Posted by cvbasheer on January 31, 2011

“Security forces (of Oman) were able to discover a spy ring belonging to the state security forces of the United Arab Emirates targeting the regime in Oman and the mechanism of governmental and military work there,” said the official, quoted by the official ONA news agency.

The cell was uncovered five months ago, before it was watched and dismantled by Omani security services, an official close to the case told AFP.

The cell “gathered information on the Sultanate’s military, security and economy, in return for large sums of money from Emirati security services,” the same official added requesting anonymity.

The cell “was interested in the issue of the succession of Sultan Qaboos, in the absence of an heir to the throne,” a security official said.

Succession could pose a problem in Oman, as the 70-year-old sultan, who overthrew his father in a bloodless coup in 1970, does not have children.
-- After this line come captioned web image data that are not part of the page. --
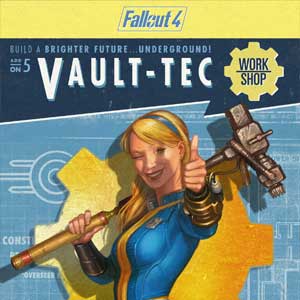 Buy Fallout 4 Vault-Tec Workshop Xbox One Compare Prices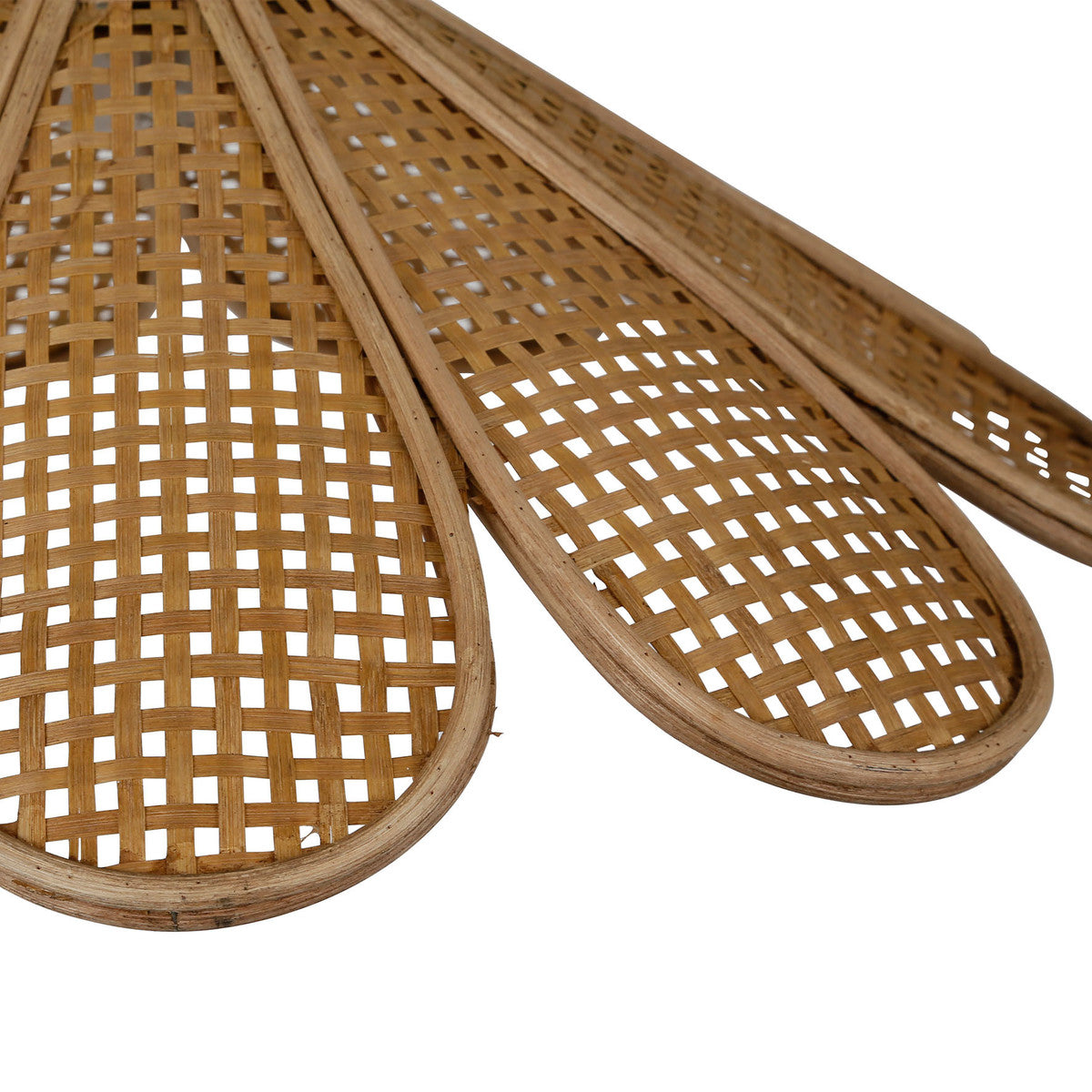 Lampadari, sospensioni e plafoniere Sema SOLOR X2 Marrone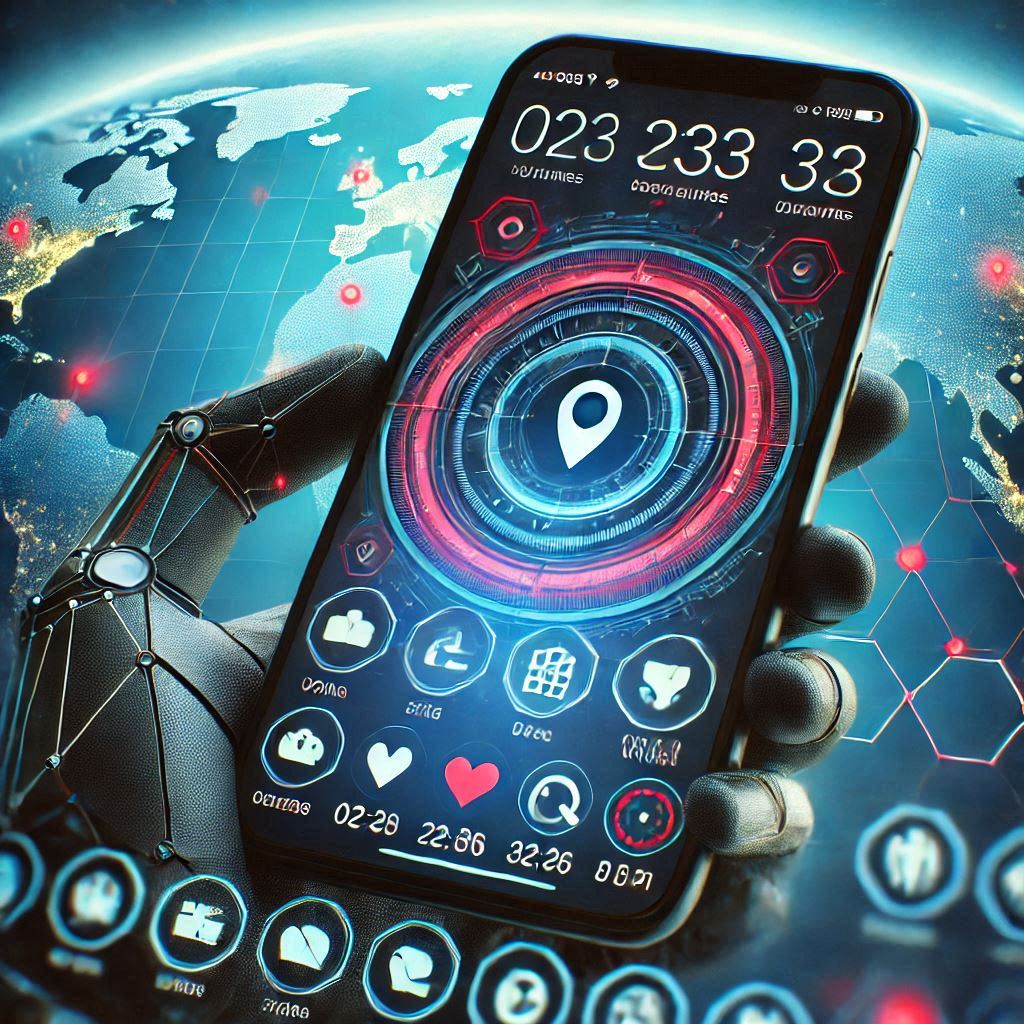 Tracciamento dei Telefoni del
Qaboos was briefly married in 1976 to his cousin Kamila, the daughter of his paternal uncle Tariq bin Taymur.

The basic law of Oman, adopted in 1996, stipulates that the ruling family meets in the case of a vacuum in power to choose a successor to the sultan within three days.

If they fail to reach an agreement, the Council of Oman, which consists of the Council of State and Majlis ash-Shura (the Consultative Council), appoints the person named in a will left by the sultan.

“The accused will be presented for trial,” the official cited by ONA said.

Reacting, the UAE said it “has received with shock and surprise the information reported by” ONA, adding in a foreign ministry statement carried by state news agency WAM, that it “denies any knowledge of or link to such an alleged network.”

The UAE in the statement declared its “readiness to put all the capabilities and information that will help serve (Oman’s) investigations… and discover those who tried to harm” relations between the two Gulf neighbours.

The dismantling of the spy ring could strain relations between the two countries that are members of the Gulf Cooperation Council, which also includes Bahrain, Kuwait, Qatar and Saudi Arabia.

In July 2008, Oman and the UAE completed the delineation of their 1,000-kilometre (625-mile) shared borders, in line with a June 2002 accord.

The two neighbours differ in politics.

Oman has very good relations with Iran, while the UAE is a staunch ally of the United States. The UAE also has a long-lasting dispute with Tehran over three Iran-controlled islands in the Gulf.

Qaboos, known for rarely travelling out of Oman, was the first foreign leader to travel to Iran since President Mahmoud Ahmadinejad was re-elected in a disputed 2009 vote.

Oman has always had close relations with Iran and remained neutral during the war between the Islamic Republic and Iraq that lasted from 1980 to 1988, unlike most of its Arab neighbours who had supported the regime of the toppled Iraqi President Saddam Hussein.